Carta do Papa Francisco ao Povo de Deus [ texto em português ]

O Papa Francisco reagiu à crise de abusos sexuais em vários países na carta aos católicos, reafirmando «tolerância zero» e responsabilização de quem cometeu ou ocultou tais crimes
O texto refere o relatório sobre casos de abusos sexuais na Pensilvânia, nos EUA em que novos dados dão a conhecer “aquilo que vivenciaram pelo menos 1000 sobreviventes, vítimas de abuso sexual, de poder e de consciência, nas mãos de sacerdotes por aproximadamente setenta anos”.

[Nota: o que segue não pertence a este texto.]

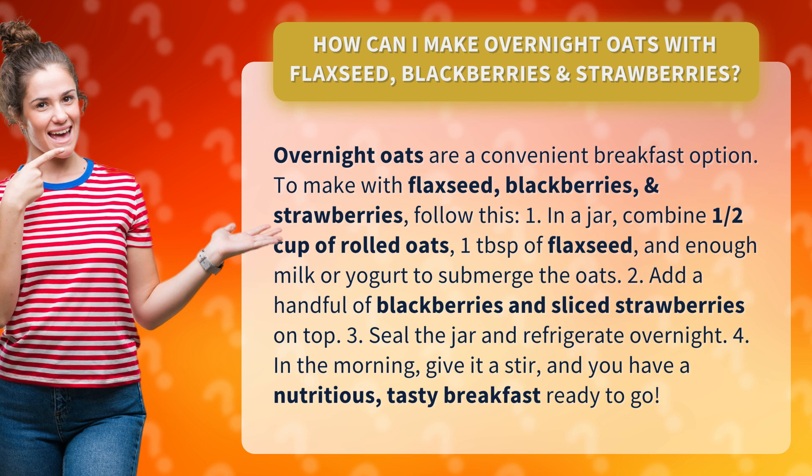2. Add a handful of blackberries and sliced strawberries on top. 3. Seal the jar and refrigerate overnight.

O Papa defende que as comunidades católicas devem unir esforços para “erradicar essa cultura da morte”, destacando que as feridas “nunca prescrevem”.
Francisco convida todos os católicos ao “exercício penitencial da oração e do jejum”, com o objetivo de promover a solidariedade e o compromisso com uma cultura do cuidado e o “nunca mais” a qualquer tipo e forma de abuso[Fonte:Agência Ecclesia]

A Comissão Pontifícia para a Protecção de Menores, criada pelo Papa Francisco em 2014 afirmou que se sente “incentivada” pelo apelo à “tolerância zero ao abuso de menores” e “encorajada” com a carta do Papa.